**Assignment**
The lines below starting at the line containing "The East Carolinian" and ending at the line containing "7 Configurations (RTA)" are to be repeated exactly, with both ends kept and nothing else added.

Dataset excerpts
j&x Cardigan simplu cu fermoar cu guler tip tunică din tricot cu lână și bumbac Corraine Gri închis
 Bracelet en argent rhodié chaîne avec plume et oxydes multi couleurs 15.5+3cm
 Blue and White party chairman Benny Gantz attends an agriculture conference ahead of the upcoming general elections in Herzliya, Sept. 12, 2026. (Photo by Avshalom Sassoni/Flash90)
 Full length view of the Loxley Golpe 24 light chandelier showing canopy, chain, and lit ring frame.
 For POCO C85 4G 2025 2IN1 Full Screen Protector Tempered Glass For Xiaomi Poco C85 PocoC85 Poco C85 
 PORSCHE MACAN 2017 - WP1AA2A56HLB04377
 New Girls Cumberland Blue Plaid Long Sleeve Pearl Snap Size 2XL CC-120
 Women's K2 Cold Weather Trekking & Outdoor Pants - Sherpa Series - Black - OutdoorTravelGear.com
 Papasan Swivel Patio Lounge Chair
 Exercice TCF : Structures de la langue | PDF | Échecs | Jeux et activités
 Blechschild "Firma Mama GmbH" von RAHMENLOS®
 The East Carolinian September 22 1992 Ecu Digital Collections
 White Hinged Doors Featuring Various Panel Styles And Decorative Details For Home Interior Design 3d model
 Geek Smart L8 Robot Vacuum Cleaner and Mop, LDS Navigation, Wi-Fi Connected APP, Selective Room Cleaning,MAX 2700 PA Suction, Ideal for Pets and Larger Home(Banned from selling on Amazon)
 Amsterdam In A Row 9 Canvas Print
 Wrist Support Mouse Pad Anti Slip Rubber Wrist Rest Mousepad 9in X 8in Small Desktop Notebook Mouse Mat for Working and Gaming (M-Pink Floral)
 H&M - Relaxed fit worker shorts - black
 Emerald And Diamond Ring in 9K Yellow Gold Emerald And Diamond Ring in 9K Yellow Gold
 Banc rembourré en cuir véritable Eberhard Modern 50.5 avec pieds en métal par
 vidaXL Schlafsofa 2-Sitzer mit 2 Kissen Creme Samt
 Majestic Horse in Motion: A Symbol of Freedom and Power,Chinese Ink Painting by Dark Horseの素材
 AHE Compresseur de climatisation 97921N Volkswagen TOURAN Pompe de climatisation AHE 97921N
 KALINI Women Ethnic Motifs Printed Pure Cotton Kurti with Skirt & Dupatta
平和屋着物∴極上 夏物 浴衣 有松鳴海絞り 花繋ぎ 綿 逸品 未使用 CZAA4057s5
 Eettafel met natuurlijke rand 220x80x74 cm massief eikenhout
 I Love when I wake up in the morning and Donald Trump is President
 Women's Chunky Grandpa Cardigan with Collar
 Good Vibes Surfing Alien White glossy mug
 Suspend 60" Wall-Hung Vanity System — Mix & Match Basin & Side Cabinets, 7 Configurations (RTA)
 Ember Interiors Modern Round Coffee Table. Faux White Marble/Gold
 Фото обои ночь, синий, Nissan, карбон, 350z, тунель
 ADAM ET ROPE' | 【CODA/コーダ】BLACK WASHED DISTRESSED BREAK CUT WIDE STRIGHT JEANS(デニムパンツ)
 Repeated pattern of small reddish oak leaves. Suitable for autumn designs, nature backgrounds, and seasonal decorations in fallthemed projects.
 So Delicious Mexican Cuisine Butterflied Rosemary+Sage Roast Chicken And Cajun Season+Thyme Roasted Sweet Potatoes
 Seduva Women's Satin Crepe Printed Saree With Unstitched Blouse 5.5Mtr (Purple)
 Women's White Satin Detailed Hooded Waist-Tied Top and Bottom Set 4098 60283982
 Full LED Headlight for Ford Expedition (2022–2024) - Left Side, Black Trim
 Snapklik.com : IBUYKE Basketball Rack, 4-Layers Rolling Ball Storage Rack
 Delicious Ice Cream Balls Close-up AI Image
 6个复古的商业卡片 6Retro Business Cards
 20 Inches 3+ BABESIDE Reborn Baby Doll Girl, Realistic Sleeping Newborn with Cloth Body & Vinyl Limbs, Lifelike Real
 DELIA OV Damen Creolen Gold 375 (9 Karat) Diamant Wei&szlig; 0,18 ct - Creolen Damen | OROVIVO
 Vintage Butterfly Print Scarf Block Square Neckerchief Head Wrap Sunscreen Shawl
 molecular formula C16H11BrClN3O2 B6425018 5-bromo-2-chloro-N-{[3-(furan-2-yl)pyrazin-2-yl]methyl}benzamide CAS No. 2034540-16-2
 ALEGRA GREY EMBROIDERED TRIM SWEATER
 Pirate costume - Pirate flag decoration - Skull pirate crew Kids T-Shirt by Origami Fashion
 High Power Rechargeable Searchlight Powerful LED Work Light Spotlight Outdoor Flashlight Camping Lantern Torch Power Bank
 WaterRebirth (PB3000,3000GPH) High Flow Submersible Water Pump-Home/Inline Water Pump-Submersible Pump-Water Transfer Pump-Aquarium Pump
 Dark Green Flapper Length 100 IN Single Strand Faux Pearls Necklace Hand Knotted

**Exercise response**
 The East Carolinian September 22 1992 Ecu Digital Collections
 White Hinged Doors Featuring Various Panel Styles And Decorative Details For Home Interior Design 3d model
 Geek Smart L8 Robot Vacuum Cleaner and Mop, LDS Navigation, Wi-Fi Connected APP, Selective Room Cleaning,MAX 2700 PA Suction, Ideal for Pets and Larger Home(Banned from selling on Amazon)
 Amsterdam In A Row 9 Canvas Print
 Wrist Support Mouse Pad Anti Slip Rubber Wrist Rest Mousepad 9in X 8in Small Desktop Notebook Mouse Mat for Working and Gaming (M-Pink Floral)
 H&M - Relaxed fit worker shorts - black
 Emerald And Diamond Ring in 9K Yellow Gold Emerald And Diamond Ring in 9K Yellow Gold
 Banc rembourré en cuir véritable Eberhard Modern 50.5 avec pieds en métal par
 vidaXL Schlafsofa 2-Sitzer mit 2 Kissen Creme Samt
 Majestic Horse in Motion: A Symbol of Freedom and Power,Chinese Ink Painting by Dark Horseの素材
 AHE Compresseur de climatisation 97921N Volkswagen TOURAN Pompe de climatisation AHE 97921N
 KALINI Women Ethnic Motifs Printed Pure Cotton Kurti with Skirt & Dupatta
平和屋着物∴極上 夏物 浴衣 有松鳴海絞り 花繋ぎ 綿 逸品 未使用 CZAA4057s5
 Eettafel met natuurlijke rand 220x80x74 cm massief eikenhout
 I Love when I wake up in the morning and Donald Trump is President
 Women's Chunky Grandpa Cardigan with Collar
 Good Vibes Surfing Alien White glossy mug
 Suspend 60" Wall-Hung Vanity System — Mix & Match Basin & Side Cabinets, 7 Configurations (RTA)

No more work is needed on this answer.